> [WHAT IS NEEDED]: Quote the lines below from the one containing "Duolla - Állólámpa" to the final line, both ends included; exclude the pictures.

(Records drawn from a dataset)
______________________________

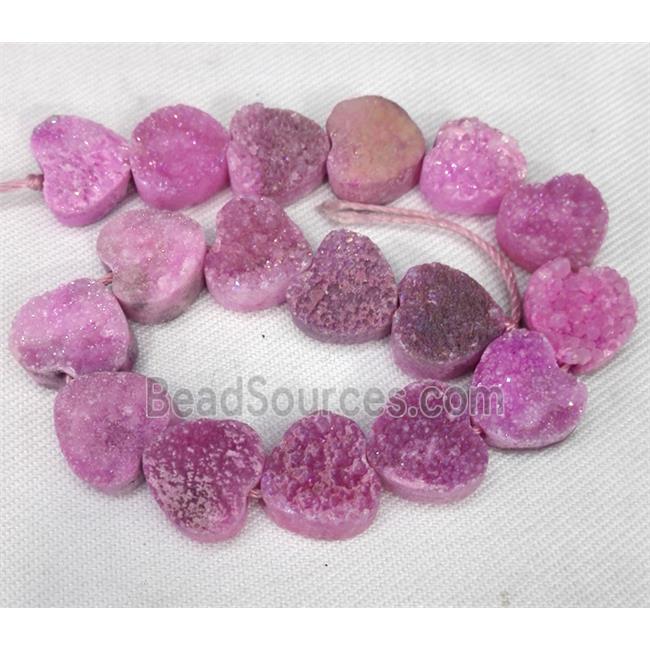 druzy quartz bead, heart, hotpink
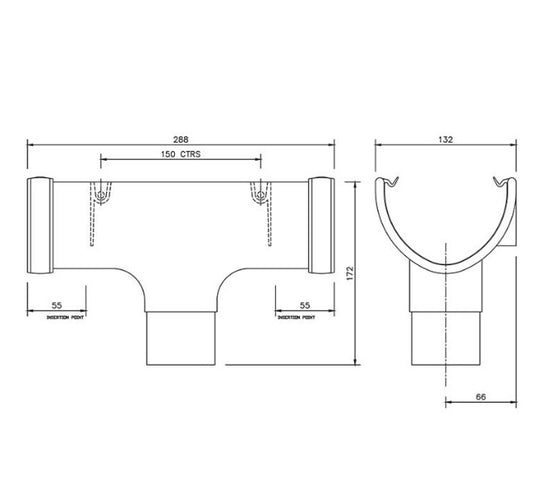 FloPlast Deepflow / Hi-Cap Running Outlet 115mm Brown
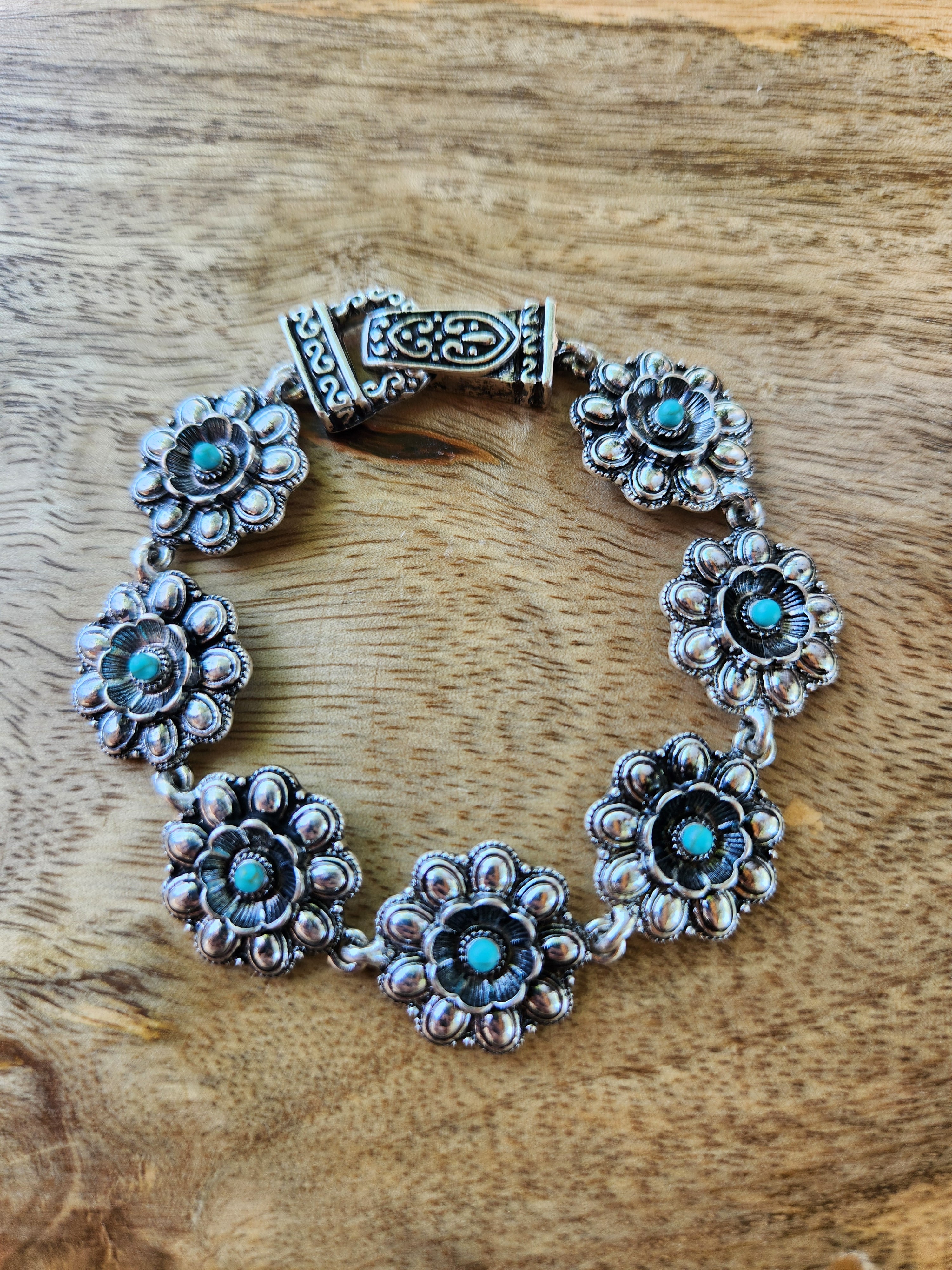 Turquoise & Silvertone Bracelet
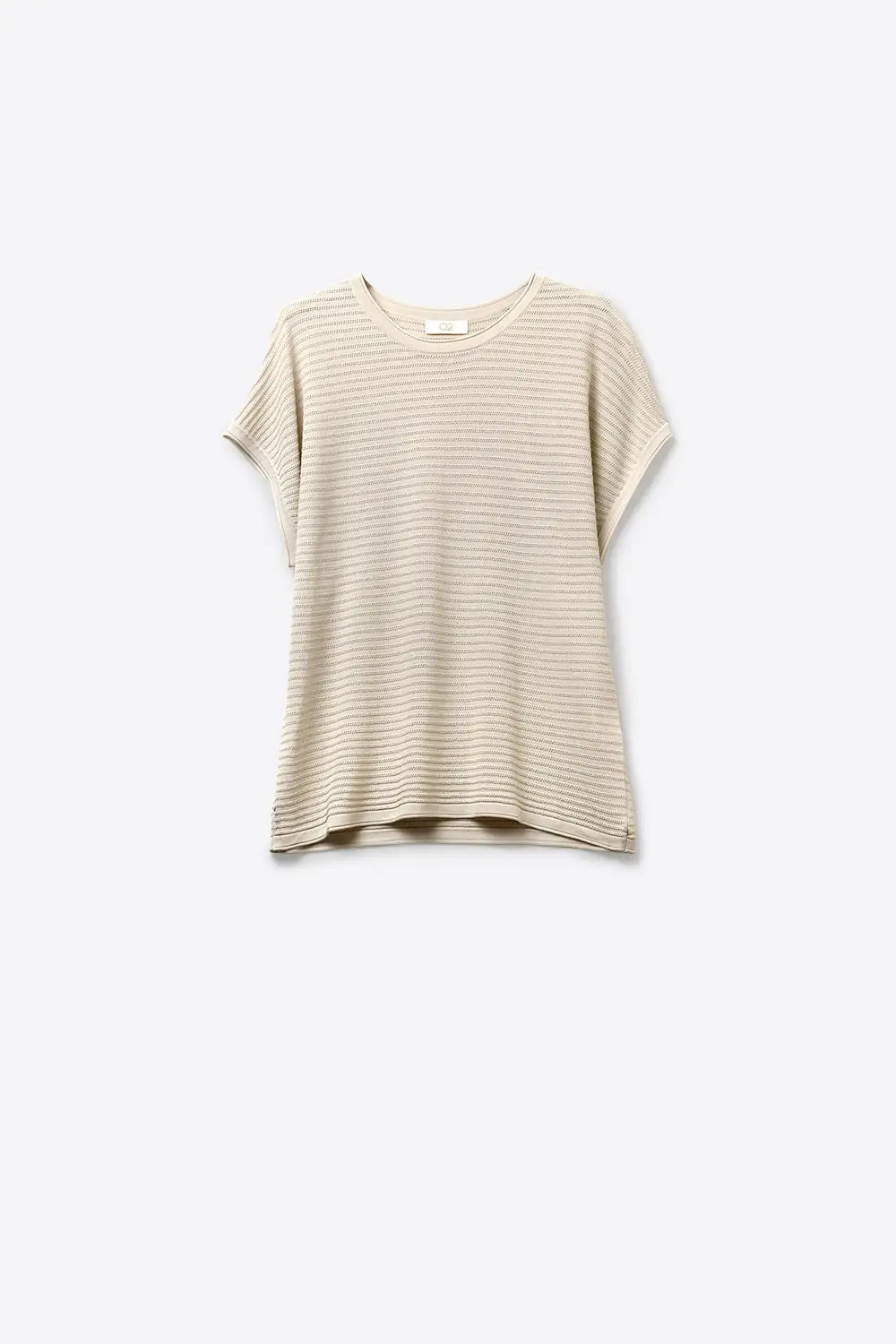Beige Ribbed open Knit Relaxed Fit Short Sleeve sweater - BEIGE / ONE - Sweaters
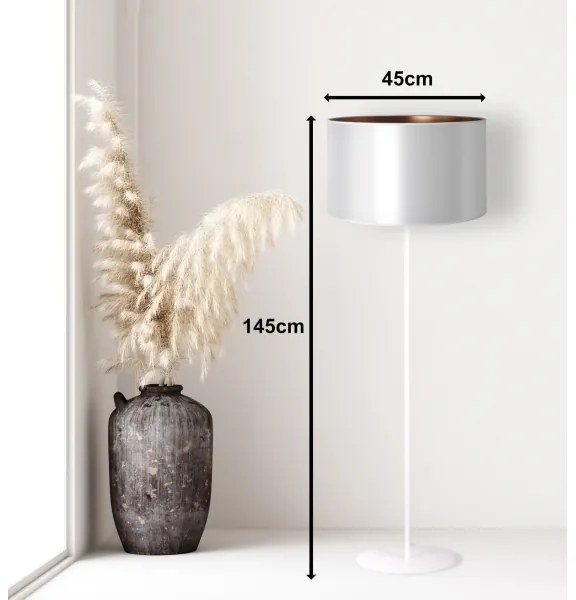 Duolla - Állólámpa CANNES 1xE27/15W/230V átm. 45 cm ezüst/réz/fehér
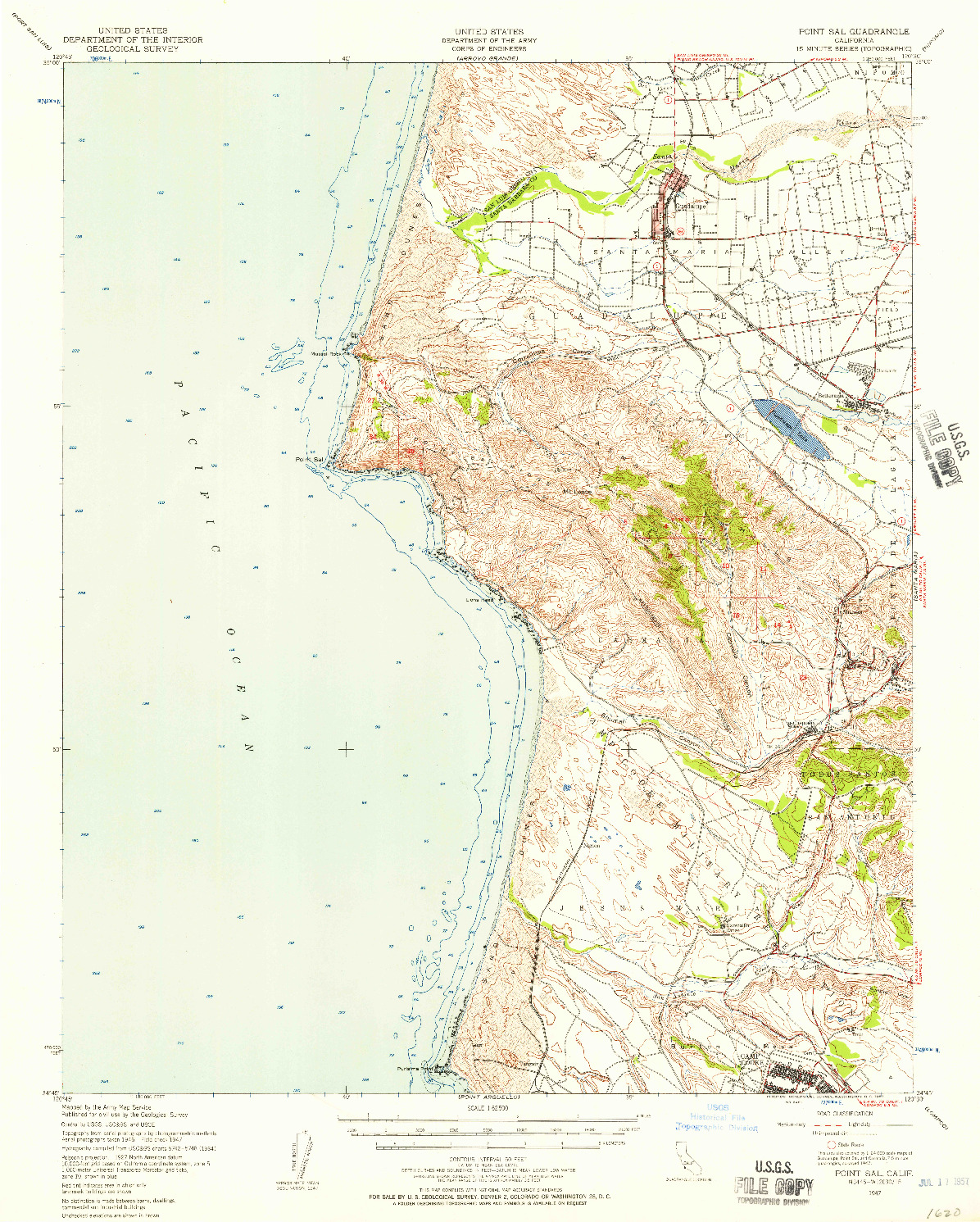 USGS 1:62500-SCALE QUADRANGLE FOR POINT SAL, CA 1947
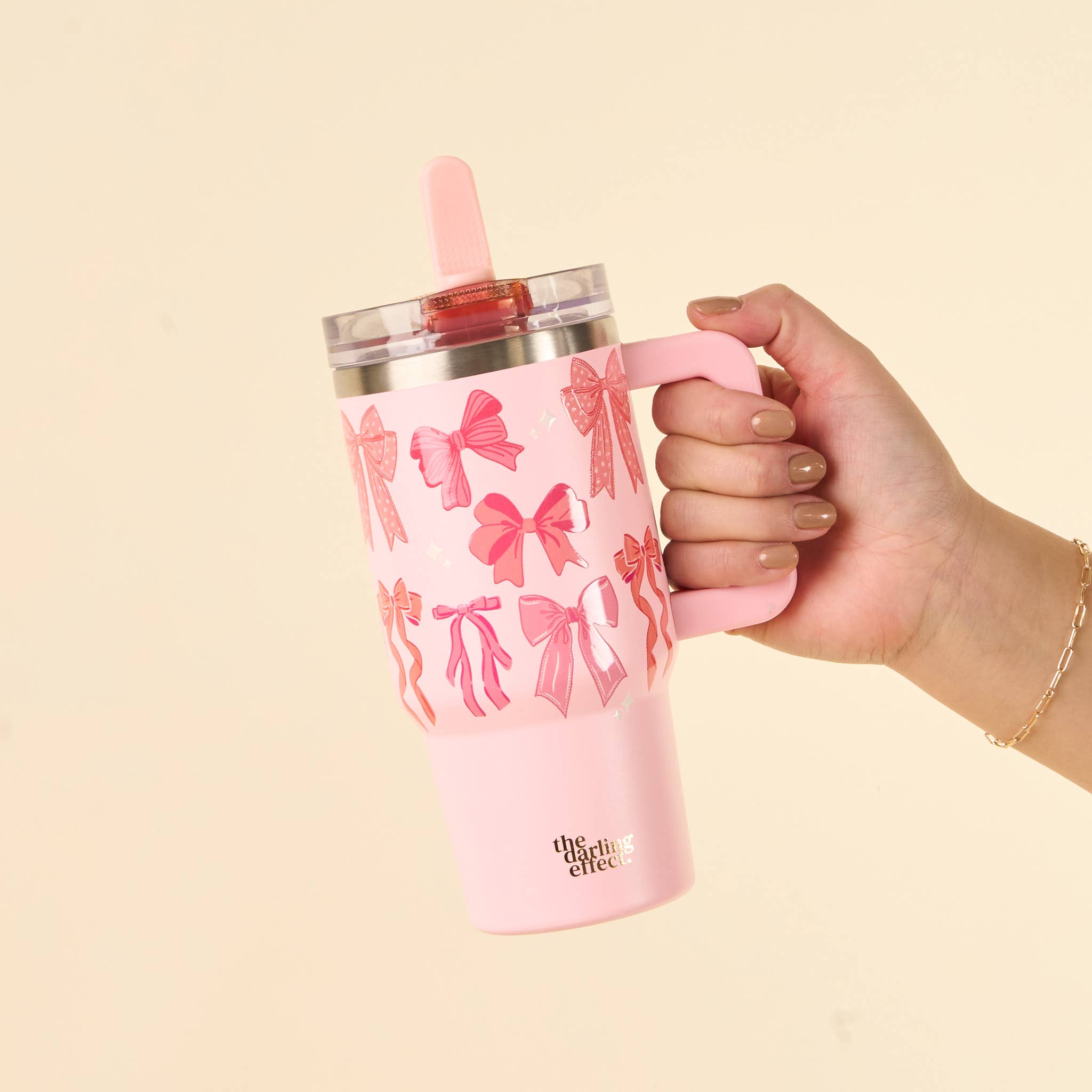 20 oz Lifestyle Flip Straw Tumbler-Blushing Bows-How Cute is That? Boutique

______________________________

> [ANSWER TO THE PROBLEM]:
 Duolla - Állólámpa CANNES 1xE27/15W/230V átm. 45 cm ezüst/réz/fehér
 USGS 1:62500-SCALE QUADRANGLE FOR POINT SAL, CA 1947
 20 oz Lifestyle Flip Straw Tumbler-Blushing Bows-How Cute is That? Boutique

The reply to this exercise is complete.